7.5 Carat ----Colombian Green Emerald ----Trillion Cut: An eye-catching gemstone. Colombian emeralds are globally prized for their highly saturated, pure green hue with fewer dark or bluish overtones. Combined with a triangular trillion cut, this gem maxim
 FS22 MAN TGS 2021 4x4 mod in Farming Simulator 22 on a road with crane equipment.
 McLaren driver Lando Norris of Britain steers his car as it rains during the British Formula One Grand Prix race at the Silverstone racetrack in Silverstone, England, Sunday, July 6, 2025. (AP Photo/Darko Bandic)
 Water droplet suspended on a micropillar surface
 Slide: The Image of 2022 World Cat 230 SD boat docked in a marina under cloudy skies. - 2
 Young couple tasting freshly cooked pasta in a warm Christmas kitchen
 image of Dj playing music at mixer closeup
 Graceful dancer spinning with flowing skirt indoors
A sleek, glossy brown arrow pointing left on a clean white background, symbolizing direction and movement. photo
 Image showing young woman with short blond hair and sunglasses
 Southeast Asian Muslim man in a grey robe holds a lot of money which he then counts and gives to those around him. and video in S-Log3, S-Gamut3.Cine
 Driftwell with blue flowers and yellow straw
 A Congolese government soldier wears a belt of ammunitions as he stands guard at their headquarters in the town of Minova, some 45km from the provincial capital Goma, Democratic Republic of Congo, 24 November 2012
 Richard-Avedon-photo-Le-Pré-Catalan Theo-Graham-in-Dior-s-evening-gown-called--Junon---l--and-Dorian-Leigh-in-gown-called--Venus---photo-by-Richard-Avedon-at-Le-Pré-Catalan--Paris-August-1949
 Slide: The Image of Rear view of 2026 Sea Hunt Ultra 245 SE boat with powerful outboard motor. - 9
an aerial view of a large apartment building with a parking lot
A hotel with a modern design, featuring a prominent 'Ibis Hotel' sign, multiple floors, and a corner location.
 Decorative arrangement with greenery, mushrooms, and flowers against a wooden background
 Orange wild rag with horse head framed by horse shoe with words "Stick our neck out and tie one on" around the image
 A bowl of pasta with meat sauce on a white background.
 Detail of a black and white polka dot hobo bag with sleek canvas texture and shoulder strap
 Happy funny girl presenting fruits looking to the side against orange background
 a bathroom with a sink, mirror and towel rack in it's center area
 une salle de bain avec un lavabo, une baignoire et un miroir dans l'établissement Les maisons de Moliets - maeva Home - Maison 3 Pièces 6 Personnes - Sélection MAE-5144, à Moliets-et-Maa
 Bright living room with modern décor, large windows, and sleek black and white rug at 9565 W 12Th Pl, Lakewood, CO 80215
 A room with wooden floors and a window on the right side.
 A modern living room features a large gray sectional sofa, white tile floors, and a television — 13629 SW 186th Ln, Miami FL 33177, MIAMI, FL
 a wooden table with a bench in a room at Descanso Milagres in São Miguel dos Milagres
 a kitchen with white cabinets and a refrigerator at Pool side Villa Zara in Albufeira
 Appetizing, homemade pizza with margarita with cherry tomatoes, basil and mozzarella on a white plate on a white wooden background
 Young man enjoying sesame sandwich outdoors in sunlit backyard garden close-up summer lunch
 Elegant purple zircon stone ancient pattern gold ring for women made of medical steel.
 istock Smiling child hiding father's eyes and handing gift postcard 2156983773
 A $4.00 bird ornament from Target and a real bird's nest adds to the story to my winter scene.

• • •

- **What to do**:
Your answer should be each line of the data that contains the word "kitchen", copied as it stands.

- **Task solution**:
 Young couple tasting freshly cooked pasta in a warm Christmas kitchen
 a kitchen with white cabinets and a refrigerator at Pool side Villa Zara in Albufeira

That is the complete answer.